Tra i parlamentari questa dichiarazione ha suscitato scalpore, non solo per l’ingerenza istituzionale ma soprattutto per il doppio atteggiamento tenuto dalla Federcalcio. Da una parte, infatti, la procura federale ha deferito Agnelli, tre manager e la società per la cessione irregolare di biglietti e i contatti coi tifosi, contestando al presidente e al security manager addirittura gli “incontri con alcuni esponenti della malavita organizzata e della tifoseria ultras”, mentre dall’altra il dg Uva invita la commissione di palazzo San Macuto a non occuparsi di questa vicenda. “La commissione parlamentare Antimafia non fa processi, men che meno mediatici. Di questo si cerchino altrove le responsabilità. Preoccupa che il direttore generale della Federcalcio ritenga che ciò di cui ci stiamo occupando non sia una cosa seria. Ciò che fa male all’Italia sono le mafie, anche quando si infiltrano nello sport, e la sottovalutazione di questo fenomeno”, è la replica della Bindi. Alle sue parole si aggiungono anche quelle del vicepresidente Claudio Fava: “Se il dg della Federcalcio definisce una cosa banale un’inchiesta penale sulle infiltrazioni della ‘ndrangheta nel circuito del tifo organizzato c’è da essere preoccupati – dice l’esponente di Sinistra italiana -. Se poi si chiede alla commissione Antimafia di occuparsi d’altro c’è da essere anche imbarazzati”.

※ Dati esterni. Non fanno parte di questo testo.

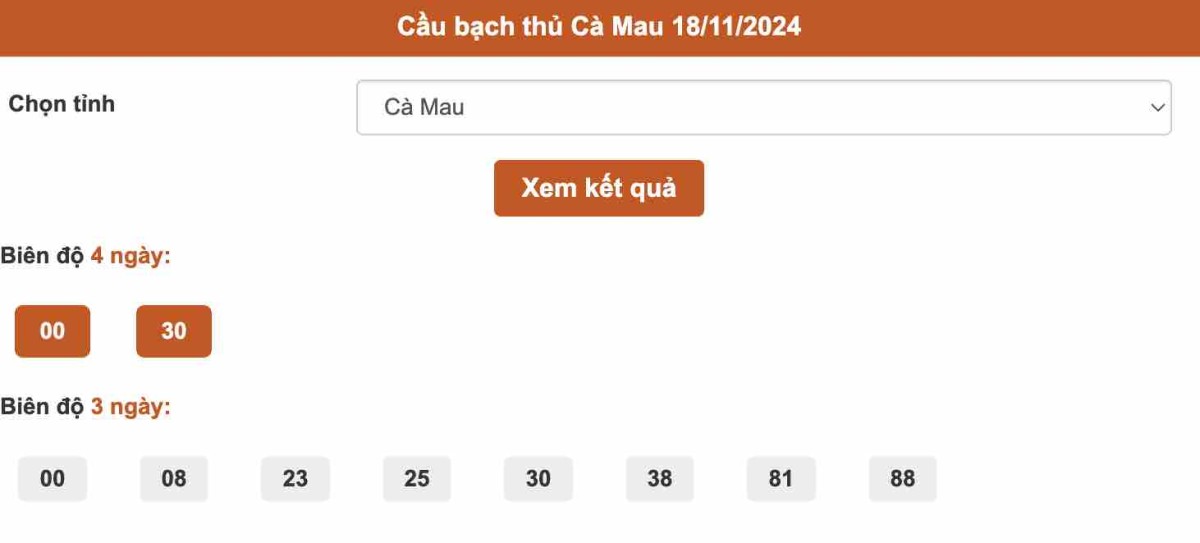 Cầu bạch thủ Cà Mau 18-11-2024 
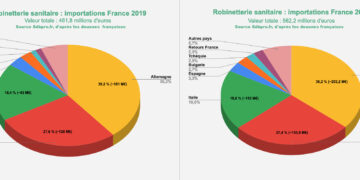 Evolution de l'import de robinetterie sanitaire en France en 2019 et 2021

La commissione Antimafia, nel frattempo, vuole chiedere alla procura di Torino e alla procura federale la possibilità di desecretare le audizioni dei procuratori della Direzione distrettuale antimafia e di Giuseppe Pecoraro, in attesa di ascoltare quanto avranno da dire Agnelli e il presidente della Figc Carlo Tavecchio. Nessun mistro, invece, sembra esistere sull’intercettazione “fantasma” attribuita ad Agnelli, quella in cui il presidente affermerebbe di aver letto su Internet dell’arresto per mafia dei fratelli di Rocco Dominello: “Lui è incensurato, noi parliamo con lui”. L’esistenza della frase – messa in dubbio dal senatore Pd Stefano Esposito – è confermata da due fonti investigative. La conversazione è tra il security manager Alessandro D’Angelo e una terza persona ed è stata registrata dopo gli arresti dell’operazione “Alto Piemonte”, nei giorni degli interrogatori dei manager juventini in procura. Una ricerca su Google fatta dopo i primi articoli di giornale e un’intercettazione che di penalmente rilevante non ha niente. D’altronde nessuna accusa è stata rivolta dalla Dda a esponenti del club.